Start of EXERCISE MATERIAL

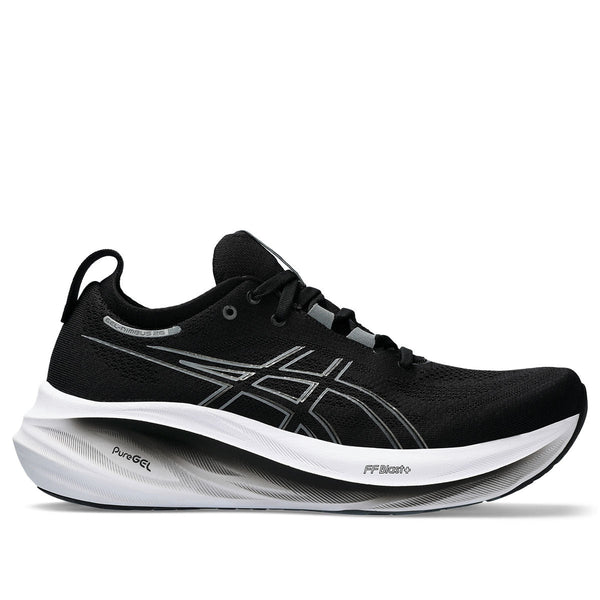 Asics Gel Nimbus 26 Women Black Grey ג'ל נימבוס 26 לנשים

End of EXERCISE MATERIAL
Start of EXERCISE MATERIAL

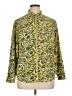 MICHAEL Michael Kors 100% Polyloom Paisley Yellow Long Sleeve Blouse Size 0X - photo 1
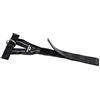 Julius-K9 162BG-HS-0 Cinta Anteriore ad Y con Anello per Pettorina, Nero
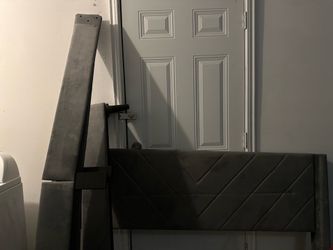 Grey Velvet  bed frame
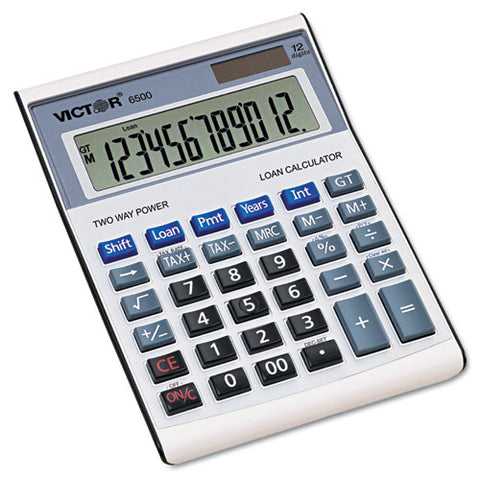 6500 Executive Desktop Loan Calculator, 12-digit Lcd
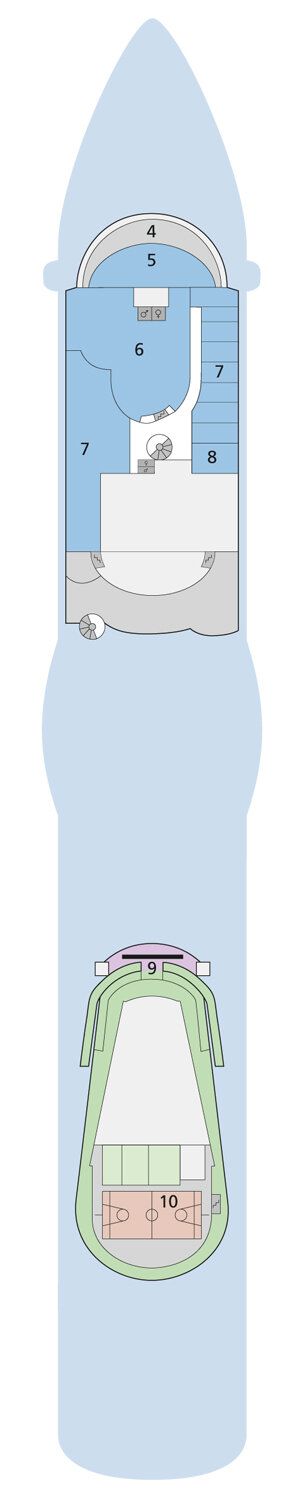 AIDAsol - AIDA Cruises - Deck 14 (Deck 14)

End of EXERCISE MATERIAL
Start of EXERCISE MATERIAL

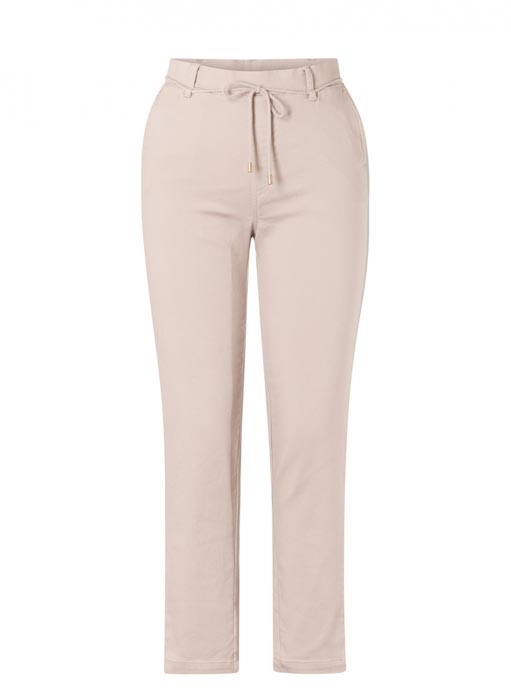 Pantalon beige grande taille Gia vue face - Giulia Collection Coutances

End of EXERCISE MATERIAL

* **EXERCISE GOAL**
Without the pictures, set down the lines above from the line with "Julius-K9 162BG-HS-0 Cinta" up to and including the line with "AIDAsol - AIDA Cruises - Deck 14 (Deck 14)" exactly as they stand.

* **SOLUTION BELOW**
 Julius-K9 162BG-HS-0 Cinta Anteriore ad Y con Anello per Pettorina, Nero
 Grey Velvet  bed frame
 6500 Executive Desktop Loan Calculator, 12-digit Lcd
 AIDAsol - AIDA Cruises - Deck 14 (Deck 14)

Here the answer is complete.